> Exercise objective: A complete response lists each line of the data below that includes the word "Elegant".

Data shown section start

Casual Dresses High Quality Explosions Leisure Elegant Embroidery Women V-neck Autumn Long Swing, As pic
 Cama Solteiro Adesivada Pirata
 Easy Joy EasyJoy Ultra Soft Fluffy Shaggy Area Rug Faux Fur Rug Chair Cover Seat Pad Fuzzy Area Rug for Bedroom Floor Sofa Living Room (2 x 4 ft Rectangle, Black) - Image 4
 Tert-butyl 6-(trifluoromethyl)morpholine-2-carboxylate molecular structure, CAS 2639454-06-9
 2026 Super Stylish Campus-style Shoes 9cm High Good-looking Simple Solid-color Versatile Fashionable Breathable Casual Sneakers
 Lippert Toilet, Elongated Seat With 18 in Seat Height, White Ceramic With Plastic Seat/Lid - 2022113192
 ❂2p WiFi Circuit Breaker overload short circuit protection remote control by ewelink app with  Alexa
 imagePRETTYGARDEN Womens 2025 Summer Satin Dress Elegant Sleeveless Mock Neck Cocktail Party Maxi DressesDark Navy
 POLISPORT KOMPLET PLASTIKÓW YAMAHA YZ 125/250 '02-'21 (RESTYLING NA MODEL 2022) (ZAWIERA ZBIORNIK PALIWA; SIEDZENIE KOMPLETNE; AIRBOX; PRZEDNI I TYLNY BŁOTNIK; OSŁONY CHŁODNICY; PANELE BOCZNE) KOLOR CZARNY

Data shown section end

> Response to the exercise:
Casual Dresses High Quality Explosions Leisure Elegant Embroidery Women V-neck Autumn Long Swing, As pic
 imagePRETTYGARDEN Womens 2025 Summer Satin Dress Elegant Sleeveless Mock Neck Cocktail Party Maxi DressesDark Navy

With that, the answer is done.